容玉儿坐在水桶上,没有丝毫嫌弃或者不自在,就像是没察觉到那水桶底儿上的泥土已经弄脏了她的衣服。经过之前赵富贵与秦劲短暂的过招,她自然不会再把赵富贵当成一个普通的农民。
她笑着开口道:“赵叔,其实这次来侄女是想请您出山的。”
“出山?”赵老头眯了眯眼,“你们两位现在是……”
“我在滨海小打小闹的做点生意,不过家底儿不足,正缺少一个赵叔您这样的高人坐镇。我知道赵叔一心想过平静的生活,但是正所谓大隐隐于市,寻常的时候赵叔您也不需要做什么,一些小事可以让他帮您跑腿。”容玉儿道。
赵富贵笑了笑,却是摇头说:“明白,可是这人老了他就不想动了啊。而且现在的生活老头子我很知足,知足常乐嘛。平平静静的,挺好。”
容玉儿心头一沉,又要被拒绝了?难道自己今天真的会一无所获,不过细想之下也是正常。像冷锋、赵富贵这样的人自然早就经历过了那种血雨腥风,大风大浪。他们既然选择了退隐,自然就不会再轻易出山,想请动这样的人,本来就不是一件容易的事。
只是虽然理解赵富贵的选择,容玉儿却仍然忍不住有些失落。现在的魅丽能拿出手的只有秦劲一个,马大龙虽然也算身手不错,可相比于东郊场的那些人还是弱了点。至于林小小,她终于是警察,偶尔可以帮忙,但却并不算真正属于魅丽的人手。
千金易得,一将难求啊!容玉儿心中暗叹,而这时秦劲突然开口说:“平静当然是福,不过华夏有句老话叫:树欲静而风不止。赵叔您带着老婆孩子躲在这个偏僻的小县城,为的应该不仅仅只是平静吧?”

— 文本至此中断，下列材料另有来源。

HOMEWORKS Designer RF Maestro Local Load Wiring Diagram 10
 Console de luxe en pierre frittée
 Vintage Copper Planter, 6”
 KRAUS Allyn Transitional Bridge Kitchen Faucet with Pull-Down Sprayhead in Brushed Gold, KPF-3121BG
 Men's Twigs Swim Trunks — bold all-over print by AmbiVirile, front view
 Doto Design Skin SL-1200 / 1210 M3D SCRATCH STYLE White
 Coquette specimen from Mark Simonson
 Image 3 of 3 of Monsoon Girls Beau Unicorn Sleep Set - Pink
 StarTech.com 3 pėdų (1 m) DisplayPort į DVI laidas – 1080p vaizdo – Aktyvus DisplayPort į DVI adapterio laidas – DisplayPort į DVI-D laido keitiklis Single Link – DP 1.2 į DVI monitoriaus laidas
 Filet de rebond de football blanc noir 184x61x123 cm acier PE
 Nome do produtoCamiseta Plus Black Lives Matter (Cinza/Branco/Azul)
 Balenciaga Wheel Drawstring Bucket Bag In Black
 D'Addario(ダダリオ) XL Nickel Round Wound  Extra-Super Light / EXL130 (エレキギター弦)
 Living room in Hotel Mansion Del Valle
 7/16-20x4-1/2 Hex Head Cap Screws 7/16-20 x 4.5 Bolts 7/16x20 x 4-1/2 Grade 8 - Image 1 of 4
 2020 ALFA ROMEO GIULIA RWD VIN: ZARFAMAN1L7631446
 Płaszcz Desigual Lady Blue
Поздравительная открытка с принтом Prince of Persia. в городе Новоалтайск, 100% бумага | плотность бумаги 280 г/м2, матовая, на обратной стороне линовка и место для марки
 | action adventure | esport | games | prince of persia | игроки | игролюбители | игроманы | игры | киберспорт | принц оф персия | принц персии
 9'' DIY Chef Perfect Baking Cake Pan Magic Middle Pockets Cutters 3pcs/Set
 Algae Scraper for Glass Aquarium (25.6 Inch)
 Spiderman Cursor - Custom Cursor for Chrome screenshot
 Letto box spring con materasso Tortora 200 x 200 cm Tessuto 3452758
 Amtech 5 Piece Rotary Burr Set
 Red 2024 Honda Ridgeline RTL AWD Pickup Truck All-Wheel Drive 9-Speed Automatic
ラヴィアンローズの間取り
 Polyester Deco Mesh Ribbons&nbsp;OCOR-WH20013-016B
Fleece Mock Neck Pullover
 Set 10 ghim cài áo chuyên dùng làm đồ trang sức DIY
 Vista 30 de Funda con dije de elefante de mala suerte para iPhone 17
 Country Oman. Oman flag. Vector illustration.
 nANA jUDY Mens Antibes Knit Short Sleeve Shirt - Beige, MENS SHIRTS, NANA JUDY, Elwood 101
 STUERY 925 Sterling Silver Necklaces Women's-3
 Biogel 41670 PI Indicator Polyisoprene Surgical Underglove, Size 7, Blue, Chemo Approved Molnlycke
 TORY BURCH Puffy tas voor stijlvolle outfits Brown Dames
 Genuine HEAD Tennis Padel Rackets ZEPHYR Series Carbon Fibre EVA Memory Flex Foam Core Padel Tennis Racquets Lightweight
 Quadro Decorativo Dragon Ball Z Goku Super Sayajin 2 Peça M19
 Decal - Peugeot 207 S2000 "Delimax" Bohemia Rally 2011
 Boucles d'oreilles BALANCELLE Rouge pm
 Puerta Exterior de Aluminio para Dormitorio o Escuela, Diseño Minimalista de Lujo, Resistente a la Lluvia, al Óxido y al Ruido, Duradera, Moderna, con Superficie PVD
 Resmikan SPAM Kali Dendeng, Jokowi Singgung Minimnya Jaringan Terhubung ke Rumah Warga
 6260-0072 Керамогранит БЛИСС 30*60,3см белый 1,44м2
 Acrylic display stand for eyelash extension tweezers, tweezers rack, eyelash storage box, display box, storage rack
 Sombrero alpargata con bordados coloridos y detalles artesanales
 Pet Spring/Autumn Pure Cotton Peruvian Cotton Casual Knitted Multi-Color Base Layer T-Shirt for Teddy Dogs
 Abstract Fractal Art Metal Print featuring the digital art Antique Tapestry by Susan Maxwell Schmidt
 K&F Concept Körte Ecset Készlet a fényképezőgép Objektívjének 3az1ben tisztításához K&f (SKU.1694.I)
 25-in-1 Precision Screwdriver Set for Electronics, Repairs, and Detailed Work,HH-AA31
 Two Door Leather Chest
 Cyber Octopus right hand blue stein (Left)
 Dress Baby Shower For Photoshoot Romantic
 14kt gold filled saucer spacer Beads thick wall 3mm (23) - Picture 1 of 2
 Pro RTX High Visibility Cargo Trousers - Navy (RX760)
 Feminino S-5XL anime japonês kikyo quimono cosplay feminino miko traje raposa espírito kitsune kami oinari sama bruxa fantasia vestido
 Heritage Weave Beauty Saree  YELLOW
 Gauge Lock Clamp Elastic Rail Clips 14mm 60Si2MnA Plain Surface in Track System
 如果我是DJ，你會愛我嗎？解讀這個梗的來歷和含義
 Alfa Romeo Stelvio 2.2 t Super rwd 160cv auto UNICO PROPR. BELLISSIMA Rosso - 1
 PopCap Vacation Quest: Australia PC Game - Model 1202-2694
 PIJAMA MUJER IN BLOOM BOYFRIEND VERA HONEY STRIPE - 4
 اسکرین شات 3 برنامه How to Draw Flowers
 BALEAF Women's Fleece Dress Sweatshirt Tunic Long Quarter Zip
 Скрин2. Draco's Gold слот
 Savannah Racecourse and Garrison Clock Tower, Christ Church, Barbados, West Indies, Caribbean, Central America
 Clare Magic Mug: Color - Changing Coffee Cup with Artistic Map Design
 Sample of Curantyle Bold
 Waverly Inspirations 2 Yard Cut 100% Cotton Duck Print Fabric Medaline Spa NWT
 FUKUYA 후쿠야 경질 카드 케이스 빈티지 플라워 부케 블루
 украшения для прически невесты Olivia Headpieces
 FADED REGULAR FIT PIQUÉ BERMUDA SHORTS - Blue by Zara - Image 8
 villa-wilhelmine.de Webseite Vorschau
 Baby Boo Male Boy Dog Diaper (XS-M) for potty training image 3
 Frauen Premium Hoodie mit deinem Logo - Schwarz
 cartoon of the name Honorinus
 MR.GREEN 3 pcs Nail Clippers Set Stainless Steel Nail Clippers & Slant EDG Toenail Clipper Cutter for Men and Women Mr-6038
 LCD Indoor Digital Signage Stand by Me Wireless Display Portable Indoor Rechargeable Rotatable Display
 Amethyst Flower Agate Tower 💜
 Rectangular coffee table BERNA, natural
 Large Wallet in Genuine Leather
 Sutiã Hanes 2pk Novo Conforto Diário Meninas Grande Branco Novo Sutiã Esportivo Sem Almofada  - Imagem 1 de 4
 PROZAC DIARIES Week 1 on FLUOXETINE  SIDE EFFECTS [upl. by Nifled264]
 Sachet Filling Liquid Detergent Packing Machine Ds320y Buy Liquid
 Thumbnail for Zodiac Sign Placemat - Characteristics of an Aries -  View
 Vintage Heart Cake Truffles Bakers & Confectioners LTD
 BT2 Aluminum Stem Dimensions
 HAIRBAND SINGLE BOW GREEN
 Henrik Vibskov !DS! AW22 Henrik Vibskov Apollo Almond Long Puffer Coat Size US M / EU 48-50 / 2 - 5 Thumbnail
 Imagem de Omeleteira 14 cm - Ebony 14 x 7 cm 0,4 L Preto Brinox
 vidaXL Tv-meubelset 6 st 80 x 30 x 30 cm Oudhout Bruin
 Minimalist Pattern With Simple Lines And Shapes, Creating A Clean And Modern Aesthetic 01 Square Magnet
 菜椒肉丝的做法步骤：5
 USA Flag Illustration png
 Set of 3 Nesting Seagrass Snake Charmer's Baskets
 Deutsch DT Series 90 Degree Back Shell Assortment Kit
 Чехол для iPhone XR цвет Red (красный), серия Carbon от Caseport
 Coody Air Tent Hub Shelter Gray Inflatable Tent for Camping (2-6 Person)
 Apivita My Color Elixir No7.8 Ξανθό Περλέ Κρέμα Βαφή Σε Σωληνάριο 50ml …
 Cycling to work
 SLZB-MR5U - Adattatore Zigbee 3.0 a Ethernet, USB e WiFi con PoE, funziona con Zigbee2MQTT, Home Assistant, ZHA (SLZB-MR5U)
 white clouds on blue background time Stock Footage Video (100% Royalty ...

此话一出容玉儿和赵富贵同时一愣,赵富贵眼底倏然闪过两道精芒,虽然仅仅只有刹那,下一秒立即恢复了平静,但这一瞬间的变化依旧被秦劲捕捉到了。
“小子,你什么意思?”赵富贵斜睨着秦劲,目光中自有一股气势酝酿。
“赵叔您体内有伤,伤及肺腑,以至于您现在经常会胸闷气短。刚才的交手虽然您存了一口气在心中,但我相信再过两分钟,最后胜出的人一定是我。”秦劲道。
赵富贵沉默了两秒,眯眼道:“好小子,一双眼珠子倒是毒辣。”
秦劲不置可否,淡淡道:“所以就算赵叔您想一直这么静下去,别人却不这么想。那么即便是为了老婆、孩子,事情也总是要有个解决的。晚辈虽然不才,但我相信关键时刻还是能起到一些作用的。”
“呵呵。”赵富贵笑了两声,他掏出烟枪想要点上,想了想却又是将烟枪塞进衣内,对于秦劲的话他却是没有给出一个明确的回答,继续说:“小子,谦虚过度就是骄傲了,你这把年纪能摸到这个境界如果还算不才,我那不成器的儿子岂不是要找块豆腐撞死算了。”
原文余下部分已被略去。